# [Data]
-=-=-=-=-
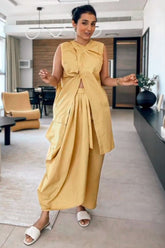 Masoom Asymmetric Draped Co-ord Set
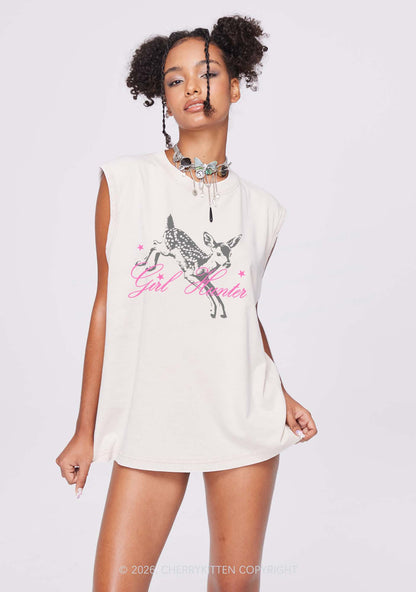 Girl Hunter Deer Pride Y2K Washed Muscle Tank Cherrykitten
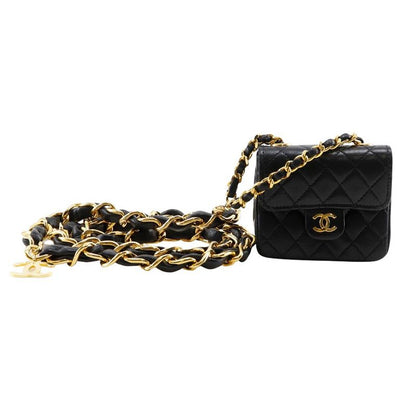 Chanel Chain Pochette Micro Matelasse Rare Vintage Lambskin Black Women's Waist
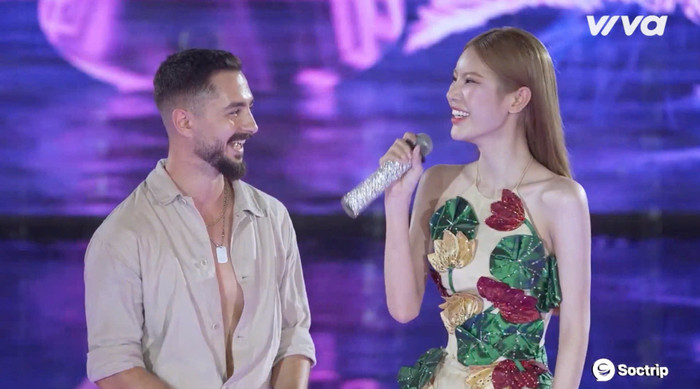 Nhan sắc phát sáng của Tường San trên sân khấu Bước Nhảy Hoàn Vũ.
-=-=-=-=-
# [Task instructions]
The lines to write out run from the one containing "Chanel Chain Pochette" through the final line of the material above, both included; write them out exactly, with no pictures.

# [Output of the task]
 Chanel Chain Pochette Micro Matelasse Rare Vintage Lambskin Black Women's Waist
 Nhan sắc phát sáng của Tường San trên sân khấu Bước Nhảy Hoàn Vũ.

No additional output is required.